1. Technical Field
This invention relates to sodar methods and apparatus for sounding in the lower atmosphere and is particularly applicable to ‘monostatic’ systems where backscattered echoes are detected by receiver(s) located near the transmitter. However, in some embodiments, this invention is also applicable to ‘bistatic’ systems where forward-scattered echoes are detected by receiver(s) located remotely from the transmitter (the distances being relative to the sounding range).
It is appreciated that a more narrow usage of the terms monostatic and bistatic can be found in the art in which ‘monostatic’ indicates systems in which the same aerial is used for transmission and reception (as is common in radar) and ‘bistatic’ being used for systems where the transmit and receive aerials are separate. This narrow usage is not helpful in sodar where ‘listen-while-sending’ techniques may be employed and is not used herein.
In this specification, the term ‘chirp’ is used as convenient shorthand for an interrogation or chirp used in sodar sounding that is acoustic and is encoded or modulated in a manner adapted to facilitate the extraction of the returned echo components of received acoustic signals.
2. Discussion of Prior Art
In our prior U.S. Pat. No. 6,755,080 and our prior international patent applications PCT/AU2002101129, PCT/AU2004/00175 and PCT/AU2004/00242 we addressed the central problem of low signal-to-noise (s/n) ratios in sodar by the use of (i) long chirps, (ii) ‘listen-while-sending’ techniques in which transmission overlaps reception and (iii) matched filtering to extract echo data from the received signals by making use of the encoding of the chirp. The discussion of the prior art in this patent and in these applications is incorporated herein.
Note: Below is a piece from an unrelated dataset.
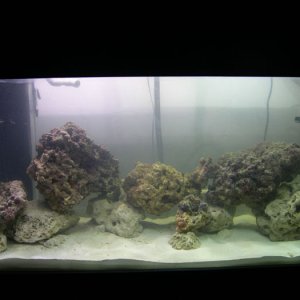90 gal a few days after putting in 60# of LR. There is also 60# of base rock.
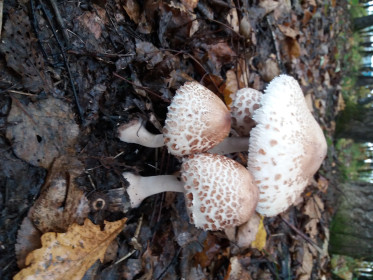 Моя любовь — шампиньон! Лес Новотроицкого шоссе в районе Егорьевки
In the context of the present invention, a ‘long’ interrogation—or transmit—pulse is taken to be one that has not terminated before the first echoes of interest are received; hence the need for the listen-while-sending technique. In absolute terms, chirps of between 100 ms and tens of seconds with bandwidths of 3-10 kHz are preferred. The great advantages of our listen-while-sending technique are (i) the very large processing gain made possible by the use of the long chirp, (ii) the elimination of the need for the high peak powers associated with short pulses and (iii) the removal of the range and power limitations of send-then-listen sodar. We found that listen-while-sending was entirely practical in bistatic sodar because the combination of low peak transmit power, high dynamic-range receiver microphones, good acoustic shielding of receivers from the direct signal and the high system processing gain allowed echoes to be readily detected ‘behind’ the direct signal. [The direct signal is that which is transmitted directly between transmitter and receiver without reflection from the atmosphere.]
Our prior patent applications disclosed other advantageous sodar techniques such as the selective combination of the outputs of multiple matched receivers to substantially eliminate undesired signal components and unique methods of processing extracted echo data to generate information of value to meteorologists and air-traffic controllers. Though our prior patent applications were not limited to the use of Fourier—or frequency domain—matched filter techniques, the practical examples provided illustrated such techniques because (i) the implementation of time-domain matched filter methods were computationally demanding and impractical for the prompt generation visual displays when using long chirps, and (ii), they were found to be inferior to the computationally efficient Fourier methods where Doppler echo components were of importance.
We have now been surprised to find that appropriate time-domain matched-filter processing of received signals can be implemented without excessive computing power in both bistatic and monostatic systems. We have also found that two other factors facilitate this, particularly in the more challenging monostatic systems: first, attention to the arrangement and alignment of transmitter-receiver pairs and, second, the use of narrow bandwidth chirps. These appear to significantly improve recovery of Doppler components from received signals when using time-domain matched filtering with either FM (frequency modulated) or DM (digitally modulated) chirps. Indeed, these factors also improve sodar systems using encoded chirps and Fourier domain matched filtering.